Jim recalled at that moment a little thing that had struck his attention the same morning. Lord Hayes had been breakfasting in the verandah on the usual continental breakfast – a couple of rolls, two pieces of creamy butter, coffee, and a saucer of honey. A fly had found its way into the honey, and Hayes had extracted it with the butt end of his teaspoon. There was a methodical eagerness about this action that had made Jim think at that moment of a spider disentangling a fly from its web, and at Eva's words the scene flashed up before him again.
"I think I know what you mean," he said, feeling his way.
Eva, too, had noticed the scene in the morning, and Jim's remark made her wonder whether he also had it in his mind. When she had compared spiders to an odious class of men, she had not in the least thought of her husband. The possible impertinence of his first remark received some confirmation. She was willing to be like a spider, too, if necessary.
"I daresay you do," she said. "There is nothing very subtle about it. I remember thinking this morning that you looked so like a spider when you were helping that fly out of your honey. Not that you belong to the odious class of men."
Jim flushed. The whip tingled unpleasantly on his shoulders.
"It was your husband who rescued the fly out of his honey," he said.
"Was it?" asked Eva, negligently. "I thought it was you."
She did not feel angry with him. He had made a mistake and had been punished for it. Justice had been done.
"It's getting rather cold," she went on. "Take me for a stroll, and give me your arm if you care for convention as little as you say you do. I am a little tired."

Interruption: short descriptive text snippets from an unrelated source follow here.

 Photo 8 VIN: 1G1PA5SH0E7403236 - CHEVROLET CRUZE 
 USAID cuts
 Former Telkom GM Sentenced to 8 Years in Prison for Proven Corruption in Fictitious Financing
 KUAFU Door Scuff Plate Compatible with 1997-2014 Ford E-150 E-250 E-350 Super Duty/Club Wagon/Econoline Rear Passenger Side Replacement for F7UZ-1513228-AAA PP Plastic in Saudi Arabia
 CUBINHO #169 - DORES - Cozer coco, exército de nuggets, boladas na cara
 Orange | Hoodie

They walked up and down the gay street in front of the hotel for half-an-hour or so. Eva felt a vague stimulus in the homage of this presentable young man, in spite of his slight awkwardnesses. She felt he was not a man whom it was easy to make a fool of, but she was making a somewhat complete fool of him, and it pleased her. For the first time, perhaps, she caught a glimpse of her own power as a beautiful and attractive woman. That glimpse roused no vanity in her, but considerable interest. The sense of personal power is always pleasant; no man or woman who is alive, in any sense of the word, will acquiesce in being a unit among units, or will fail to feel a delicate growing love of power. We brought nothing into the world, and we shall assuredly take nothing out; but while we are in the world, how we cling, with a persistence that no creed will shake, to the passionate desire for more and more and more. Eva was, in fact, on the threshold of the house called "Know Thyself." It is a house of varying size. To her it appeared large and well furnished.

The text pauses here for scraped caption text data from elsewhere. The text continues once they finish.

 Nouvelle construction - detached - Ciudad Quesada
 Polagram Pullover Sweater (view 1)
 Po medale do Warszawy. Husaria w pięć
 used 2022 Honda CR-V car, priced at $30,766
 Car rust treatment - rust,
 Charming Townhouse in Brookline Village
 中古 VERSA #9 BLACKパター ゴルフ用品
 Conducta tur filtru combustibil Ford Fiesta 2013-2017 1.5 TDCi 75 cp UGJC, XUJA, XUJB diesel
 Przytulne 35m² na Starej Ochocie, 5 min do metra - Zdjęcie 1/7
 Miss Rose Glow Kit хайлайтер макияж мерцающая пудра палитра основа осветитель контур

They walked along the sea-wall westwards, and Eva sat down on the low balustrade. The air was still and windless, and forty feet below lay the smooth, grey backs of the rocks still shining with the salt water.

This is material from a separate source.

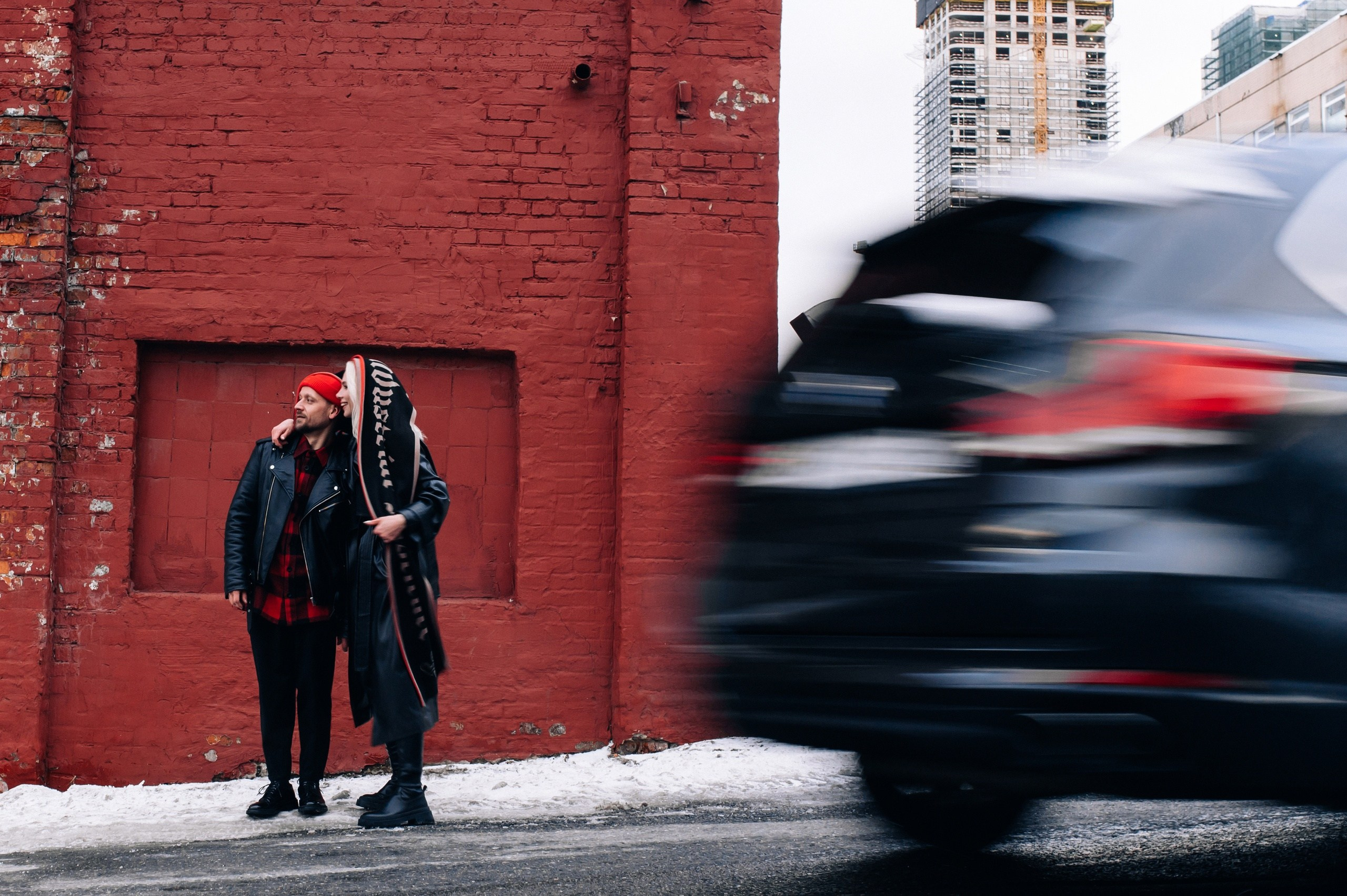 Елена + Максим. Свадебный фотограф в Тамбове Валерий Тихов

"What a frightful coward one is," she said, "not to throw oneself down and see what happens next. I always flatter myself that I'm brave; but I am not brave enough to risk anything, really. I think a year ago I might have thrown myself down if it had occurred very strongly to me, because I had nothing to risk. But now things are beginning to be interesting. I should risk a certain amount of amusement and pleasure if I just stepped over that wall. I wish you would step over and see, Mr. Armine; only that would be no good, you couldn't come and tell me about it afterwards."